== Data for review ==
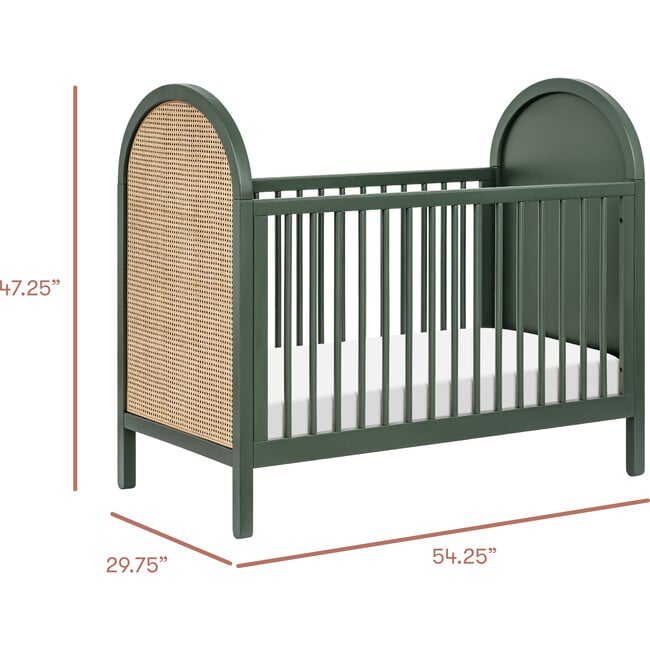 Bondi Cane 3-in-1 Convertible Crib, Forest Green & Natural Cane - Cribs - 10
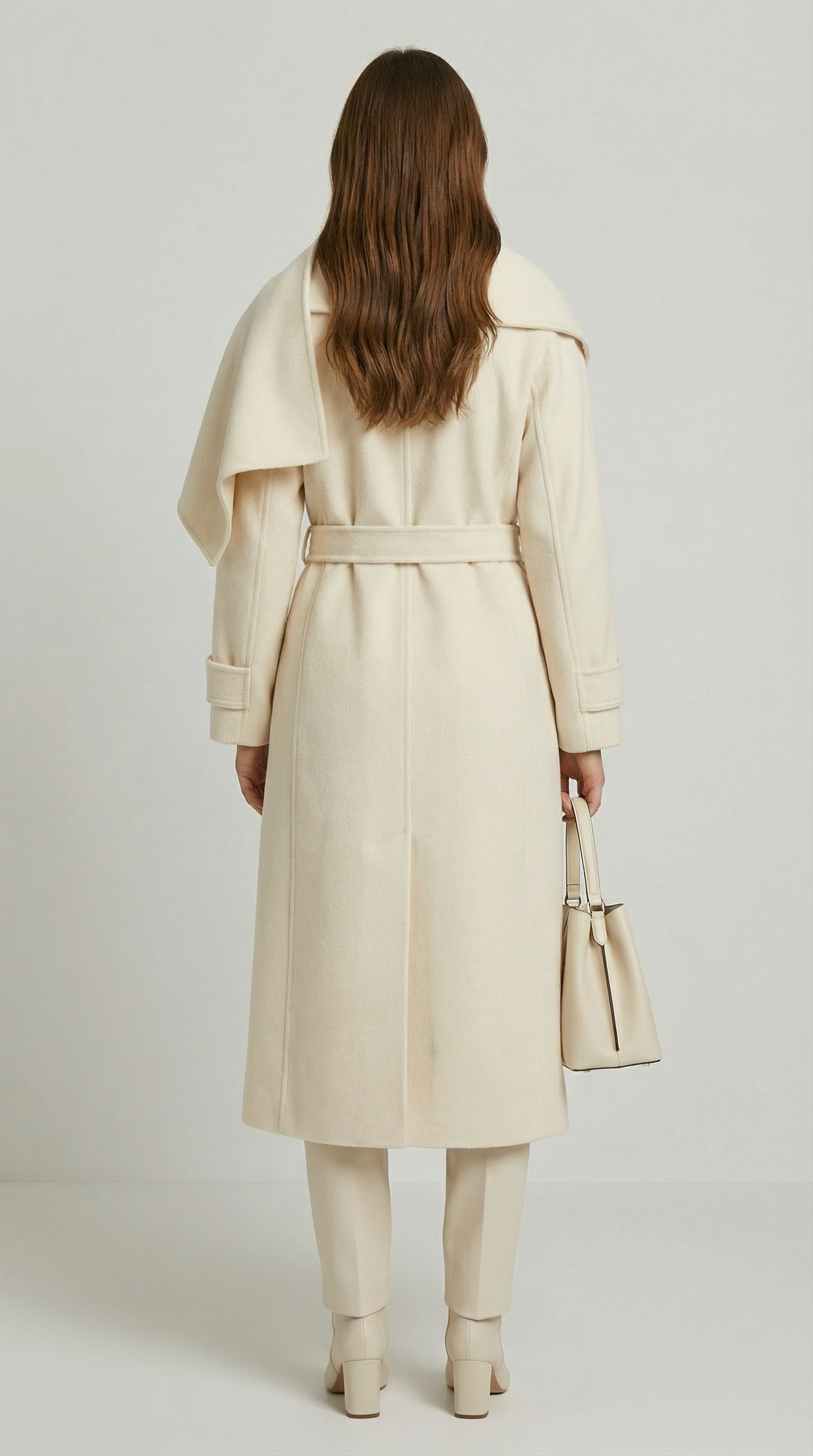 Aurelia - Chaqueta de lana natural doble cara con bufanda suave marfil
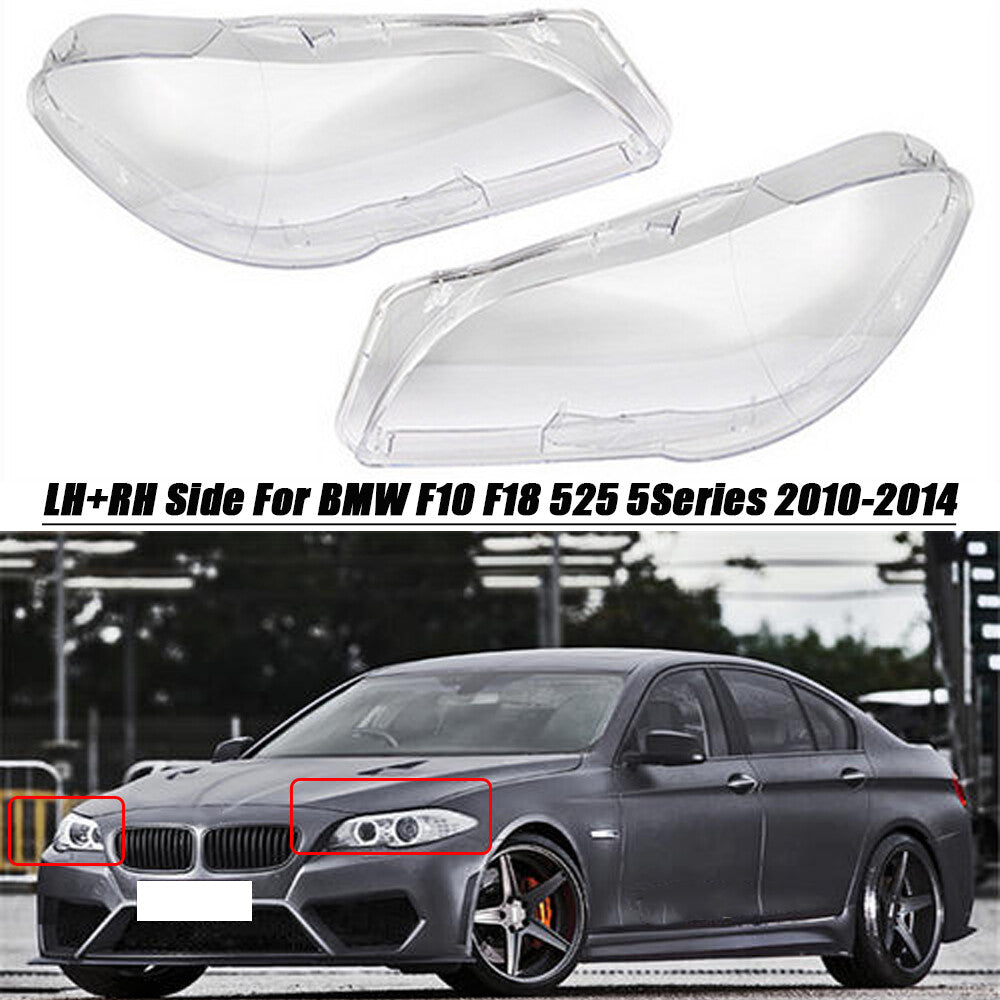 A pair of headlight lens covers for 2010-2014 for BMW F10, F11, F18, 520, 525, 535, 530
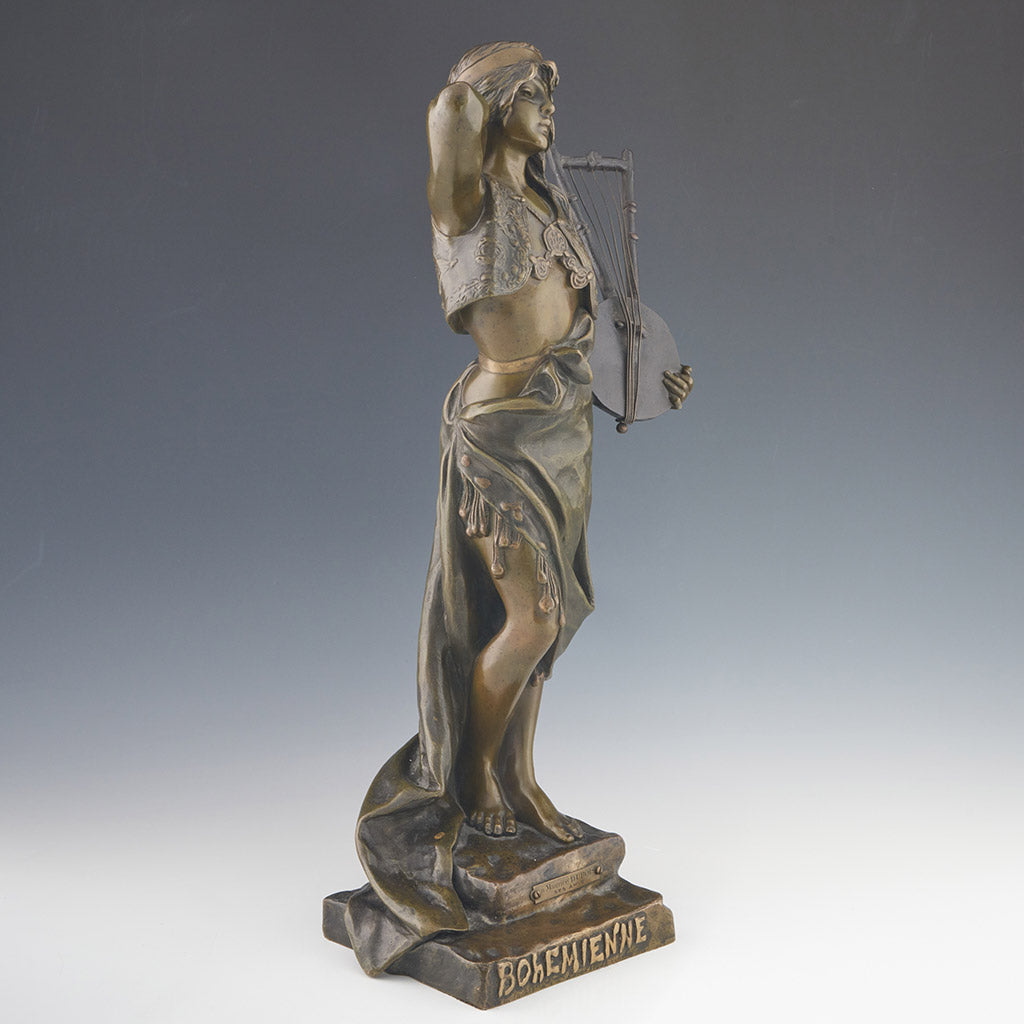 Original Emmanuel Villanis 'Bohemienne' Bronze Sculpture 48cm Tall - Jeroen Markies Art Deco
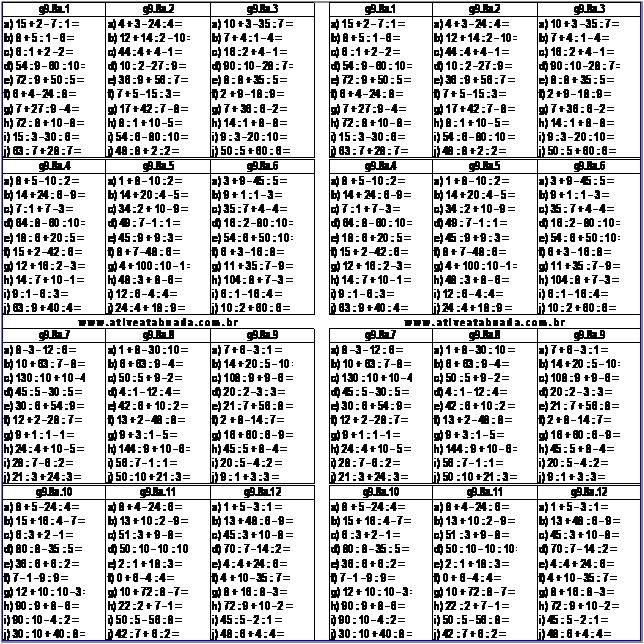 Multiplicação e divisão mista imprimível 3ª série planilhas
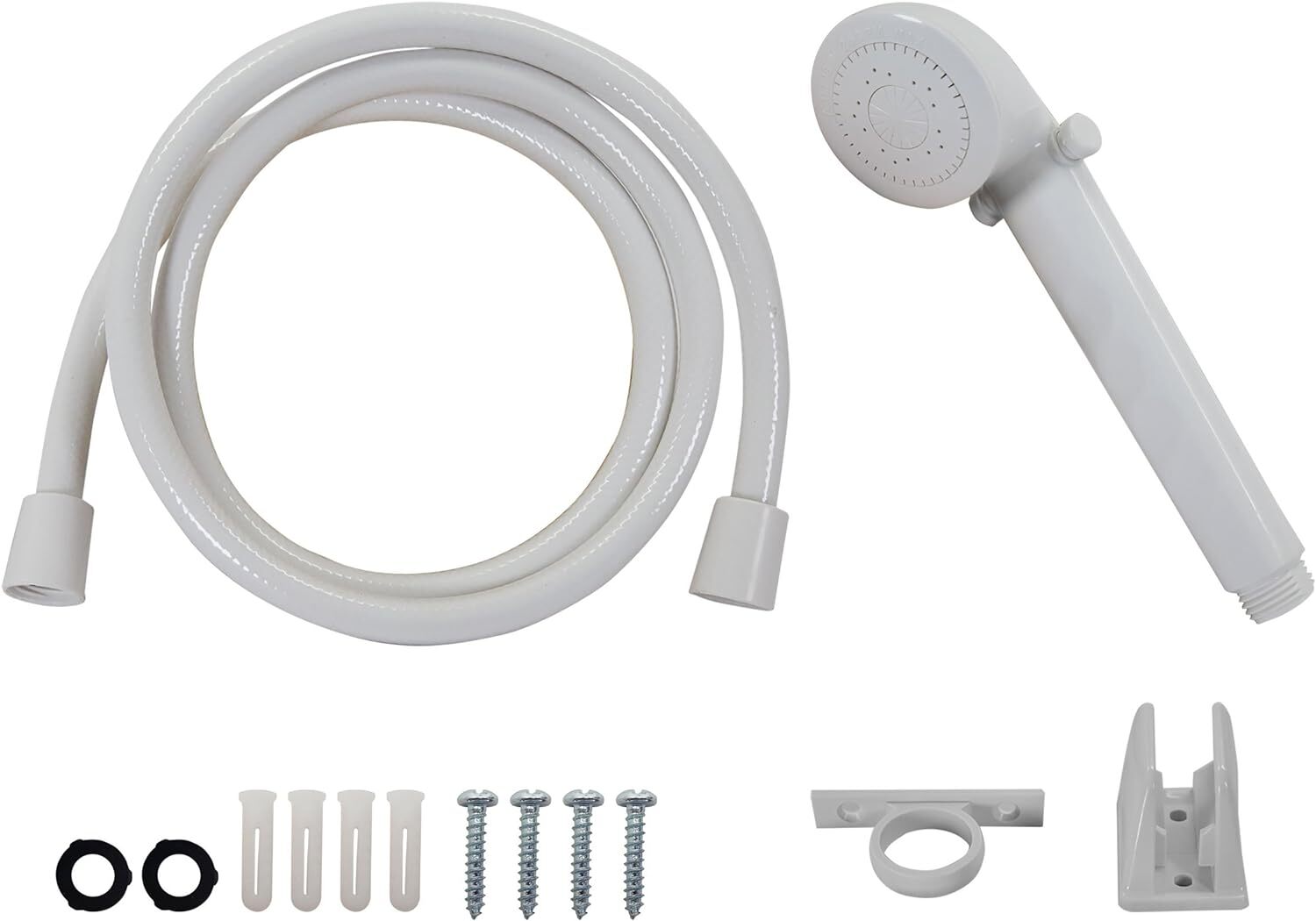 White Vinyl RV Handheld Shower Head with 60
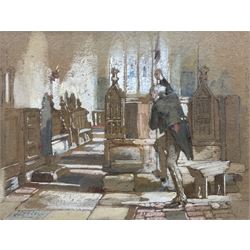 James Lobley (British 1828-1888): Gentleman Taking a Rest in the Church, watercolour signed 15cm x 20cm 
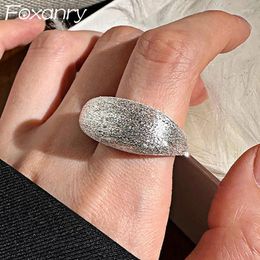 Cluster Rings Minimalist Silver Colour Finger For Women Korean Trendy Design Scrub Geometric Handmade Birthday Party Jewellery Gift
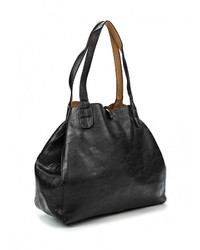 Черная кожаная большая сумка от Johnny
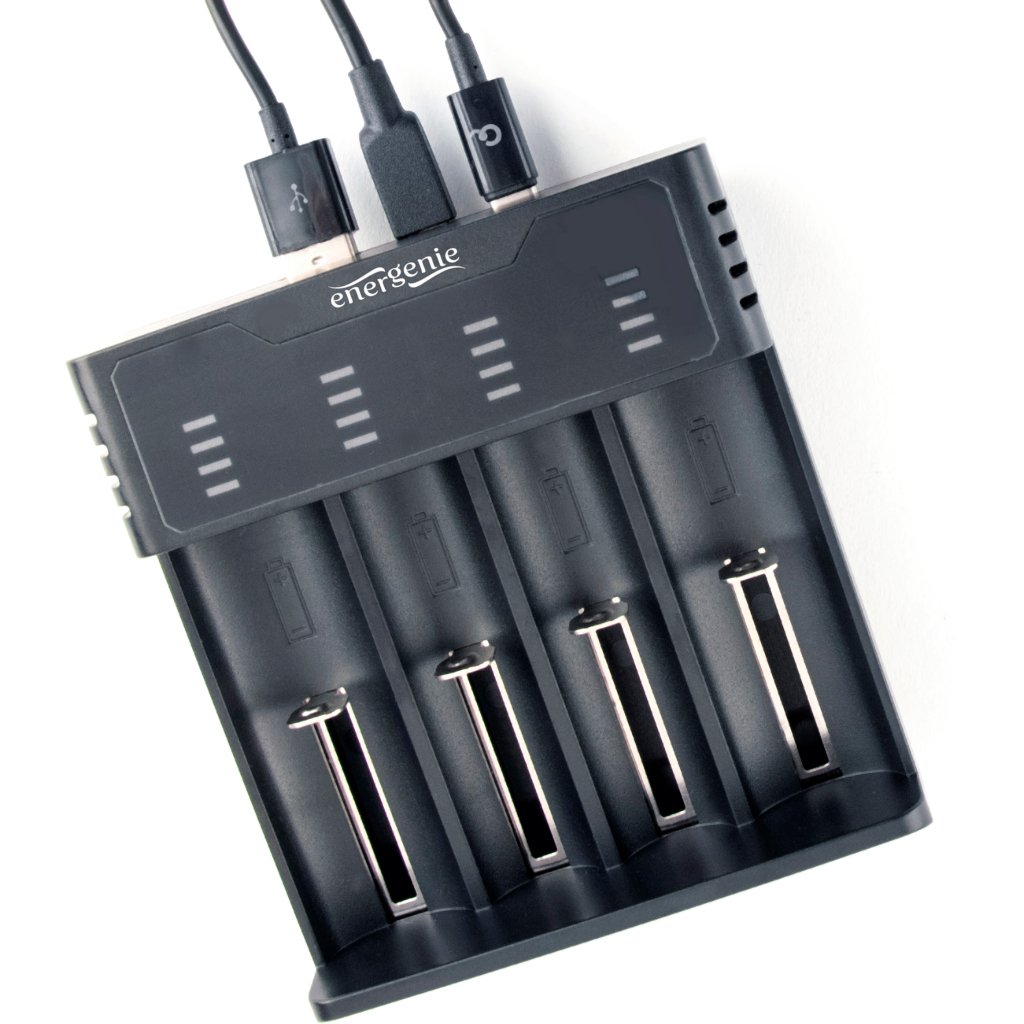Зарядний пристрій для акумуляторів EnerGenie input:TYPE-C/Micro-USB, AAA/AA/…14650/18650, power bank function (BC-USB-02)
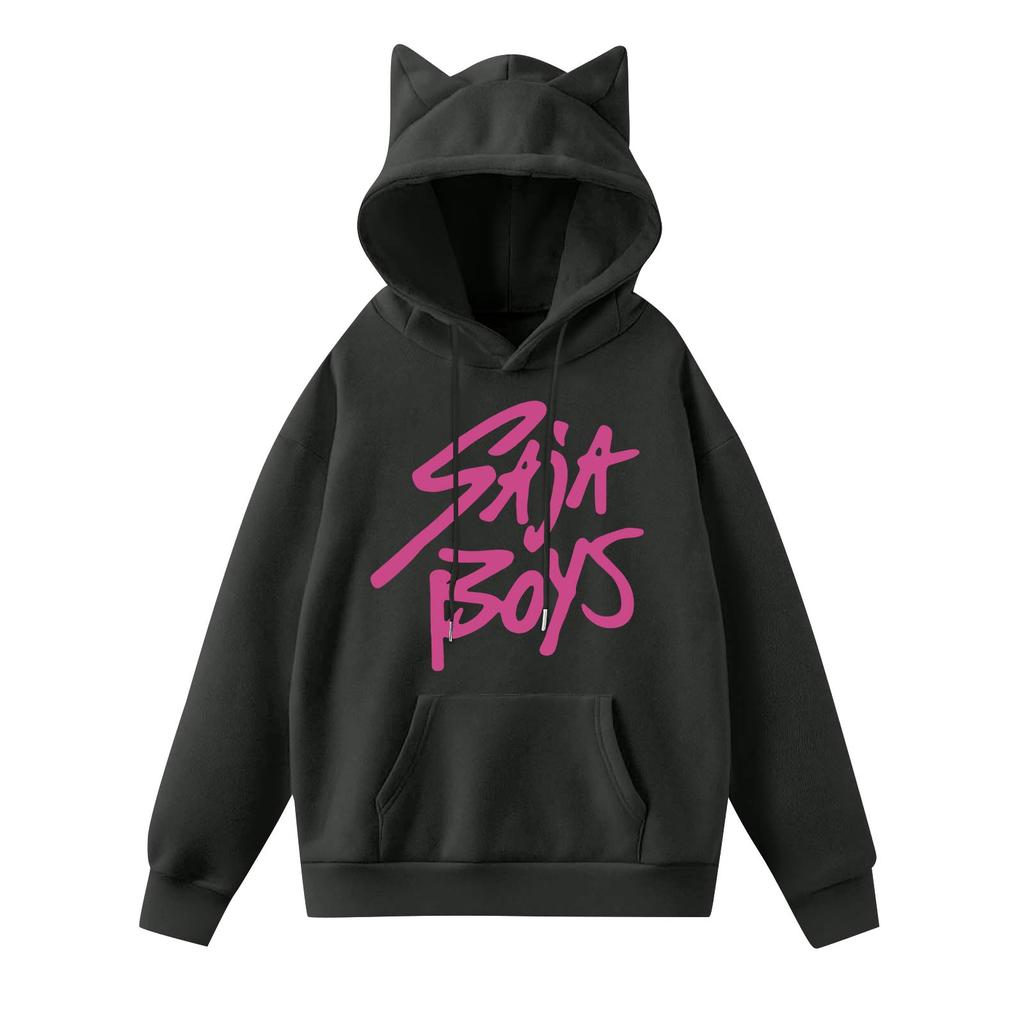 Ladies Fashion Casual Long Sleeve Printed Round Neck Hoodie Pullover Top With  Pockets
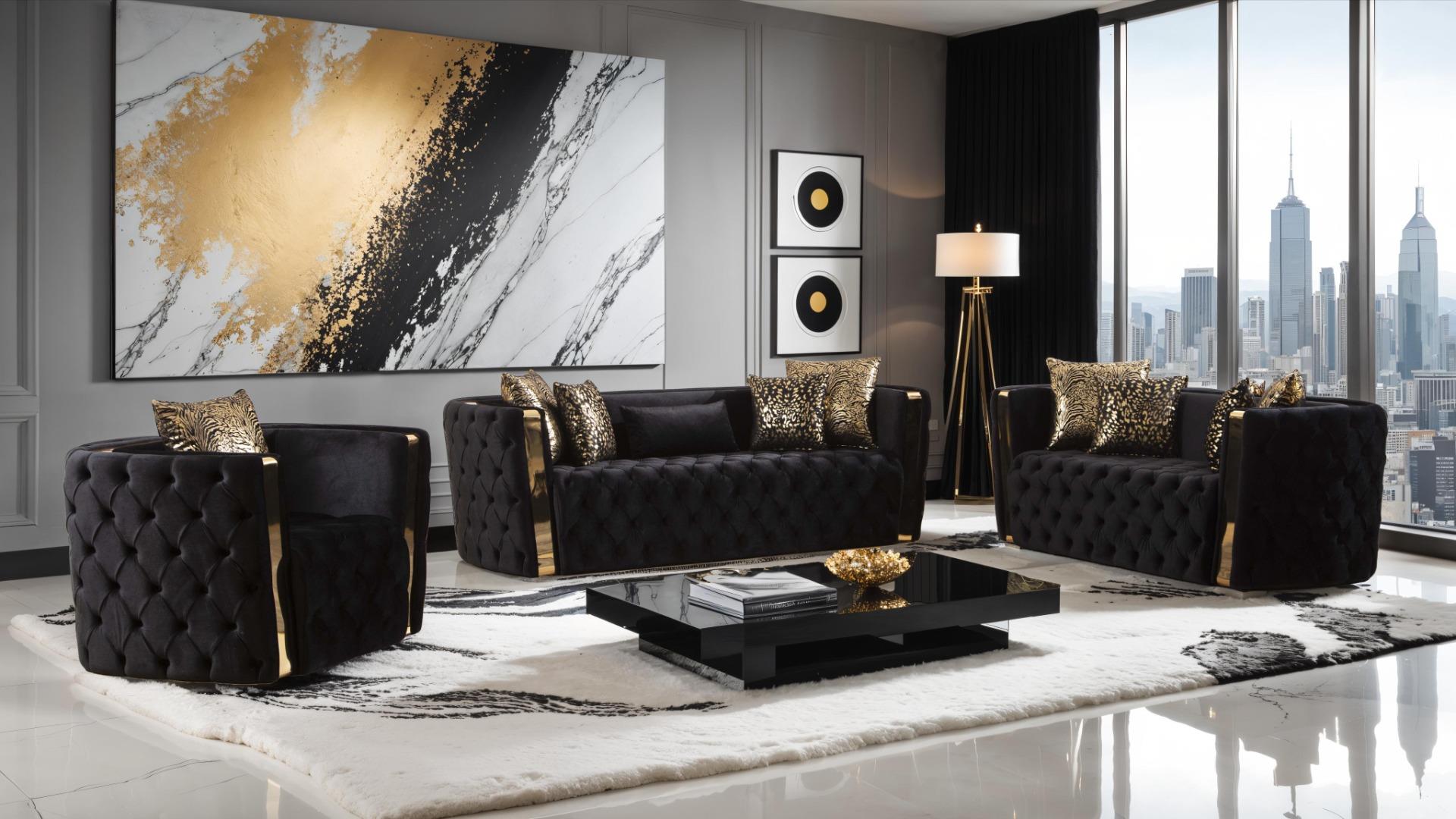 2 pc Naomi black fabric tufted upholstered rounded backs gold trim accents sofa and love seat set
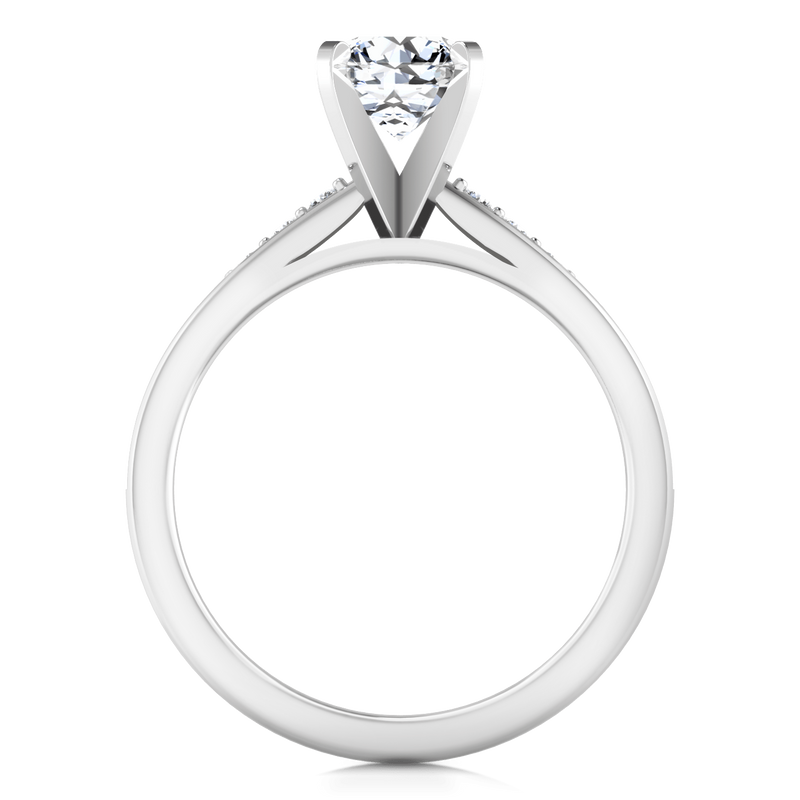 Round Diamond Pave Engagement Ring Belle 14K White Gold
===
_Task details_:
Reproduce, word for word, everything in the listing above from the line containing "Черная кожаная большая сумка от Johnny" down to the line containing "Ladies Fashion Casual", both of them included. No pictures.

_Answer to this problem_:
 Черная кожаная большая сумка от Johnny
Зарядний пристрій для акумуляторів EnerGenie input:TYPE-C/Micro-USB, AAA/AA/…14650/18650, power bank function (BC-USB-02)
 Ladies Fashion Casual Long Sleeve Printed Round Neck Hoodie Pullover Top With  Pockets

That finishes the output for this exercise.